> [How to complete this task] No pictures go in the copy; everything else in the records below must be output exactly.

> [Records to use]
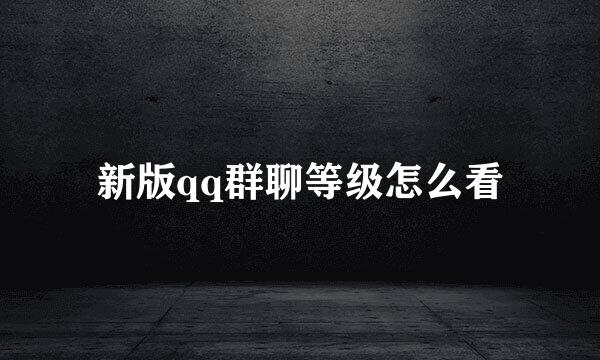 新版qq群聊等级怎么看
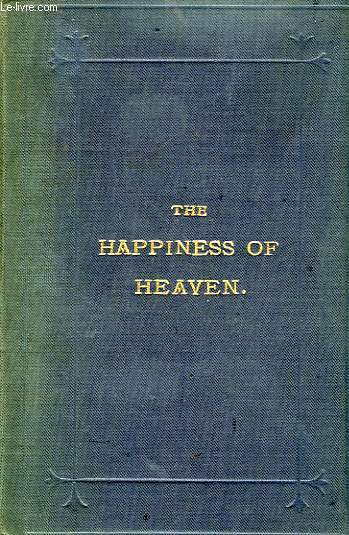 THE HAPPINESS OF HEAVEN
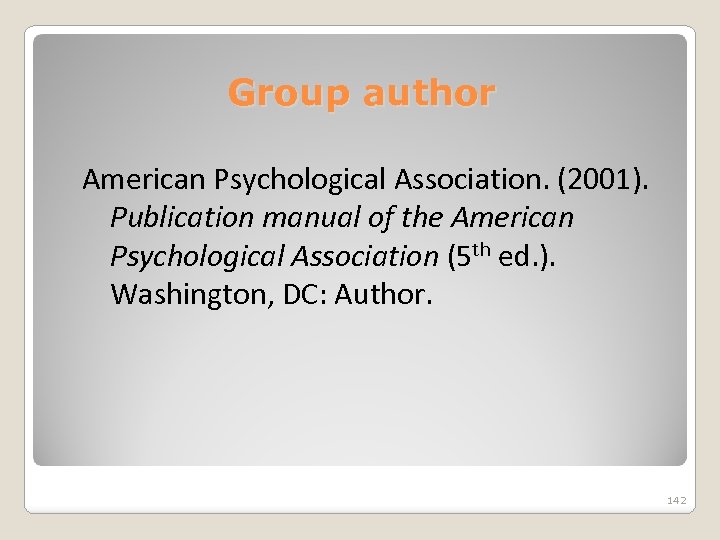 Group author American Psychological Association. (2001). Publication manual of the American Psychological Association (5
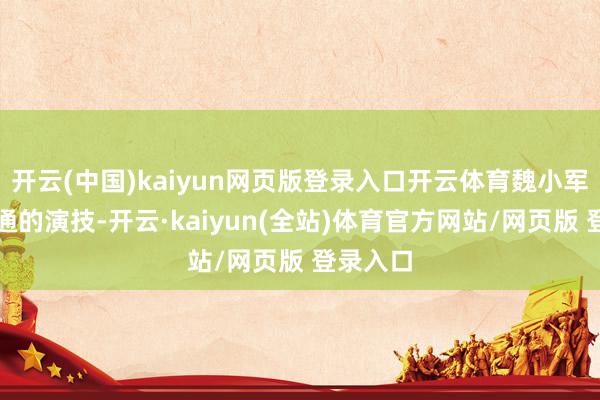 开云(中国)kaiyun网页版登录入口开云体育魏小军有着深通的演技-开云·kaiyun(全站)体育官方网站/网页版 登录入口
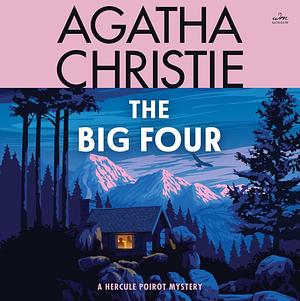 The Big Four by Agatha Christie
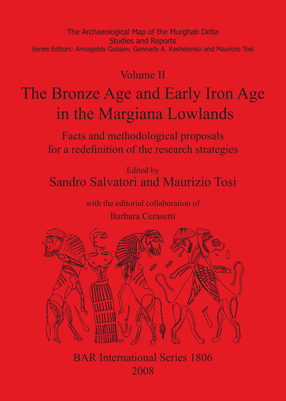 Cover image for Volume II. The Bronze Age and Early Iron Age in the Margiana Lowlands: Facts and methodological proposals for a redefinition of the research strategies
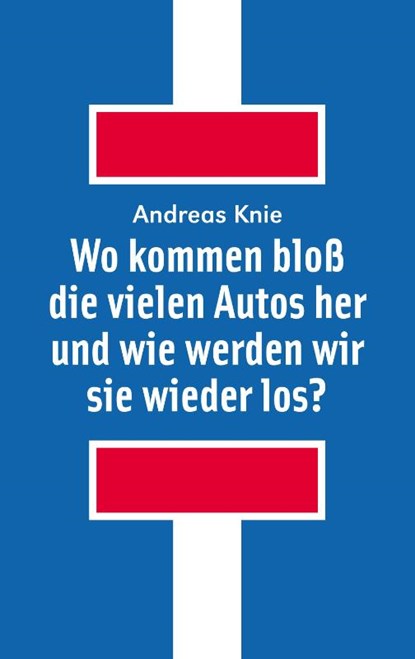 Wo kommen bloß die vielen Autos her und wie werden wir sie wieder los?, Andreas Knie - Paperback - 9783895816314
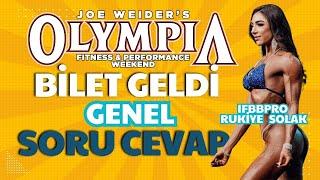 Rukiye SOLAK Mr Olympia Biletini Kesti - SORU CEVAP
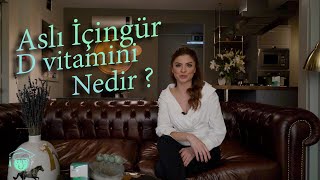 Uzm. Dyt. Aslı İçingür  - D vitamini Nedir ?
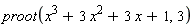 proot(x^3+3*x^2+3*x+1, 3)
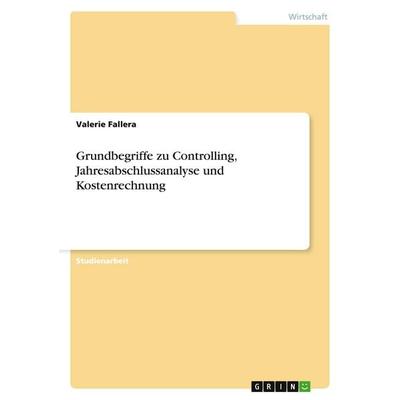 Grundbegriffe zu Controlling, Jahresabschlussanalyse und Kostenrechnung, Taschenbuch von Valerie Fallera, GRIN, 978-3-656-93450-9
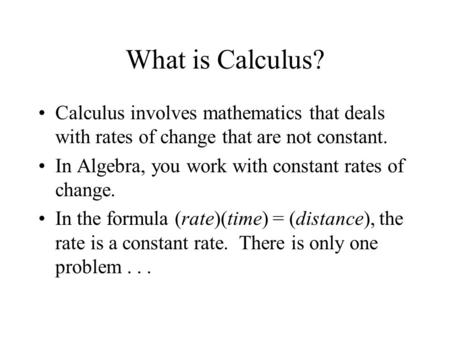 What is Calculus? Calculus involves mathematics that deals with rates of change that are not constant. In Algebra, you work with constant rates of change.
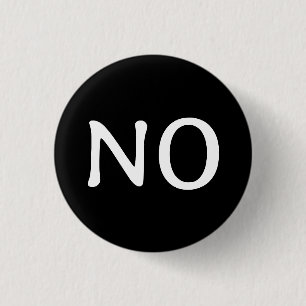 The Word No Statement Text Minimalist Black White 3 Cm Round Badge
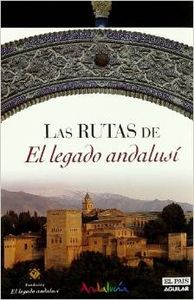 Las rutas de El legado andalusí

> [Your solution]
 新版qq群聊等级怎么看
 THE HAPPINESS OF HEAVEN
 Group author American Psychological Association. (2001). Publication manual of the American Psychological Association (5
 开云(中国)kaiyun网页版登录入口开云体育魏小军有着深通的演技-开云·kaiyun(全站)体育官方网站/网页版 登录入口
 The Big Four by Agatha Christie
 Cover image for Volume II. The Bronze Age and Early Iron Age in the Margiana Lowlands: Facts and methodological proposals for a redefinition of the research strategies
 Wo kommen bloß die vielen Autos her und wie werden wir sie wieder los?, Andreas Knie - Paperback - 9783895816314
 Rukiye SOLAK Mr Olympia Biletini Kesti - SORU CEVAP
 Uzm. Dyt. Aslı İçingür  - D vitamini Nedir ?
 proot(x^3+3*x^2+3*x+1, 3)
 Grundbegriffe zu Controlling, Jahresabschlussanalyse und Kostenrechnung, Taschenbuch von Valerie Fallera, GRIN, 978-3-656-93450-9
 What is Calculus? Calculus involves mathematics that deals with rates of change that are not constant. In Algebra, you work with constant rates of change.
 The Word No Statement Text Minimalist Black White 3 Cm Round Badge
 Las rutas de El legado andalusí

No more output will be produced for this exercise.